[Assignment]
Everything from the line that contains "2-osainen äitienpäiväkortti Syöpäsäätiö" through the final line of the records should be written out exactly, and nothing outside that span.

[Given data]
————

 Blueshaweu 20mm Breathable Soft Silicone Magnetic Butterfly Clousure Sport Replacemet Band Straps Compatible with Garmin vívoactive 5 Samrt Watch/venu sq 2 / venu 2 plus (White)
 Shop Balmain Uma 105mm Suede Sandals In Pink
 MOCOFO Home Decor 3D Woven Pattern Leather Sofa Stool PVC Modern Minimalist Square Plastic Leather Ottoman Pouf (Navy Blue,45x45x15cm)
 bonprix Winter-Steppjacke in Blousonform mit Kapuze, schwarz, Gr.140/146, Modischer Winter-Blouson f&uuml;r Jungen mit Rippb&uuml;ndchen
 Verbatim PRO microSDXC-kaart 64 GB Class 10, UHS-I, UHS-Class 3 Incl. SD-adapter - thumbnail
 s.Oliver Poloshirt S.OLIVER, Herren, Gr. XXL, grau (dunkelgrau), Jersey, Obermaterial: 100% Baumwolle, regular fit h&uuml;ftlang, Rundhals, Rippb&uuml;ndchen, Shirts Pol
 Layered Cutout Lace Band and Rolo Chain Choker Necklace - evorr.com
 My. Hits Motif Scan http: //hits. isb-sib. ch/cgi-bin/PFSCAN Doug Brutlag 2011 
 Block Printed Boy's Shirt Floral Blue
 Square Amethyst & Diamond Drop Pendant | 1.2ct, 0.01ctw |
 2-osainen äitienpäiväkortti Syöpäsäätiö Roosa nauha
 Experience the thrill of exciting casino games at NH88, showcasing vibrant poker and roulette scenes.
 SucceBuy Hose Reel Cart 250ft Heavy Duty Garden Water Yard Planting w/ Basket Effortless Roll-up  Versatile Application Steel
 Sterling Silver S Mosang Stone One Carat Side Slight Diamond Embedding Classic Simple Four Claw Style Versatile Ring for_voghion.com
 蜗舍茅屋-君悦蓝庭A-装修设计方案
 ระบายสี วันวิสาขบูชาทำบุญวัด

————

[Response to this exercise]
 2-osainen äitienpäiväkortti Syöpäsäätiö Roosa nauha
 Experience the thrill of exciting casino games at NH88, showcasing vibrant poker and roulette scenes.
 SucceBuy Hose Reel Cart 250ft Heavy Duty Garden Water Yard Planting w/ Basket Effortless Roll-up  Versatile Application Steel
 Sterling Silver S Mosang Stone One Carat Side Slight Diamond Embedding Classic Simple Four Claw Style Versatile Ring for_voghion.com
 蜗舍茅屋-君悦蓝庭A-装修设计方案
 ระบายสี วันวิสาขบูชาทำบุญวัด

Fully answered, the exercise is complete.